The prisoners in the vast forest—for they were as much prisoners as if shut up in some huge building—had to scheme hard to obtain their supplies so as to make them suitable to their patient. Fish they caught, as a rule, abundantly enough; birds they trapped and shot with arrows; and fruit was to be had after much searching; but their great want was some kind of vessel in which to cook, till after several failures Rob built up a very rough pot of clay from the river bed by making long thin rolls and laying one upon the other and rubbing them together. This pot he built up on a piece of thin shaley stone, dried it in the sun, and ended by baking it in the embers—covering it over with the hot ashes, and leaving it all one night.

Shaddy watched him with a grim smile, and kept on giving him words of encouragement, as he worked, tending Mr Brazier the while, brushing the flies away and arranging green boughs over him to keep him in the shade, declaring that he would be better out there in the open than in the forest.

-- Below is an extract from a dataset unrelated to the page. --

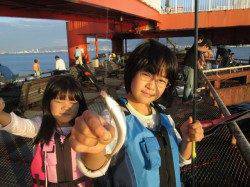 尼崎市立魚つり公園、サンバソウの活性上昇中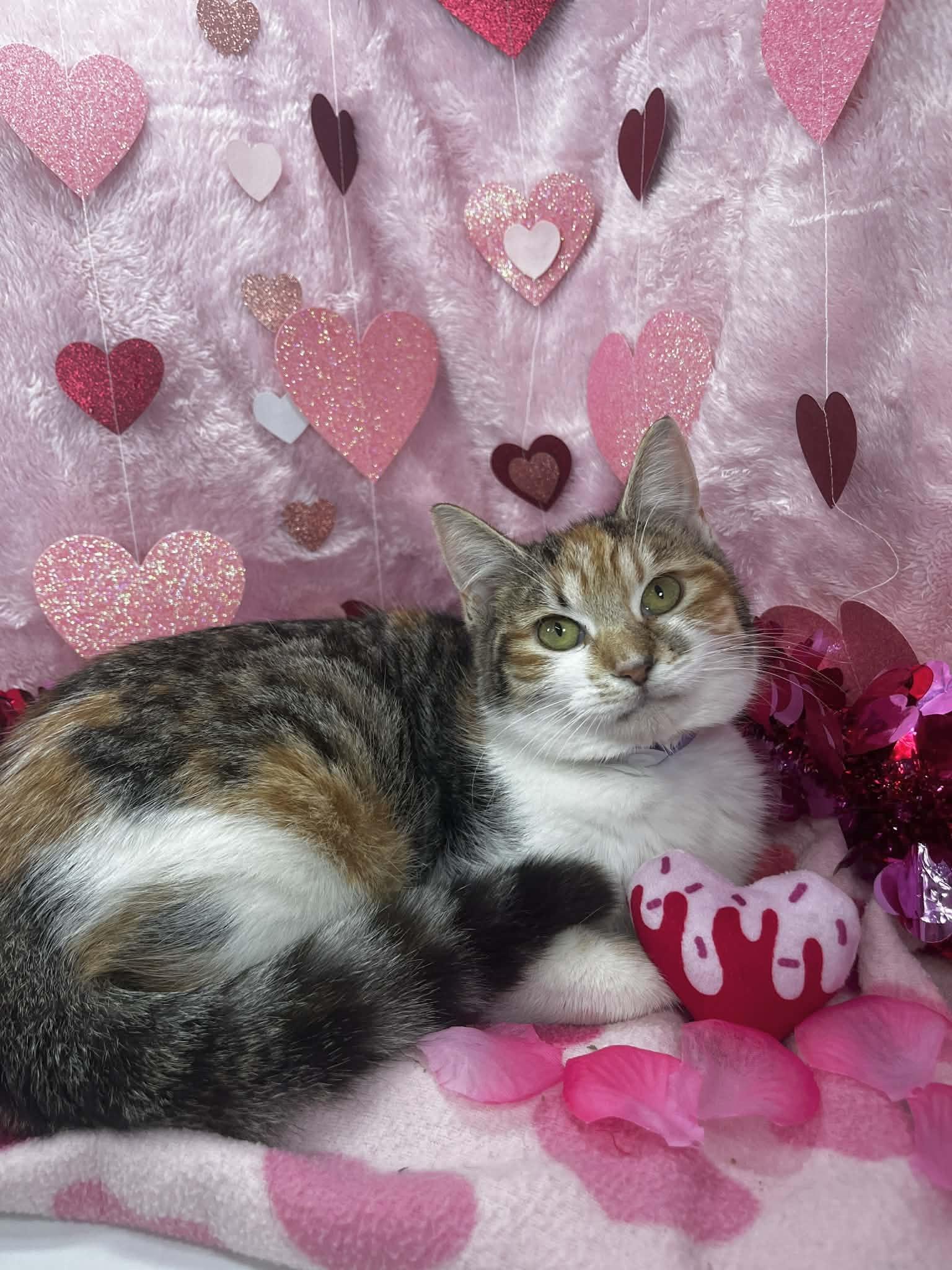 Galexy, ADOPTABLE, Young Female Calico.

“Well done, my lad!” said the old sailor as Rob held up the finished pot before placing it in the fire; “’tis a rough ’un, but I daresay there has been worse ones made. What I’m scared about is the firing. Strikes me it will crack all to shivers.”

To Rob’s great delight, the pot came out of the wood ashes perfectly sound, and their next experiment was the careful stewing down of an iguana and the production of a quantity of broth, which Shaddy pronounced to be finer than any chicken soup ever made; Rob, after trying hard to conquer his repugnance to food prepared from such a hideous-looking creature, said it was not bad; and their patient drank with avidity.

“There,” said Shaddy, “we shall go on swimmingly in the kitchen now; and as we can have hot water I don’t see why we shouldn’t have some tea.”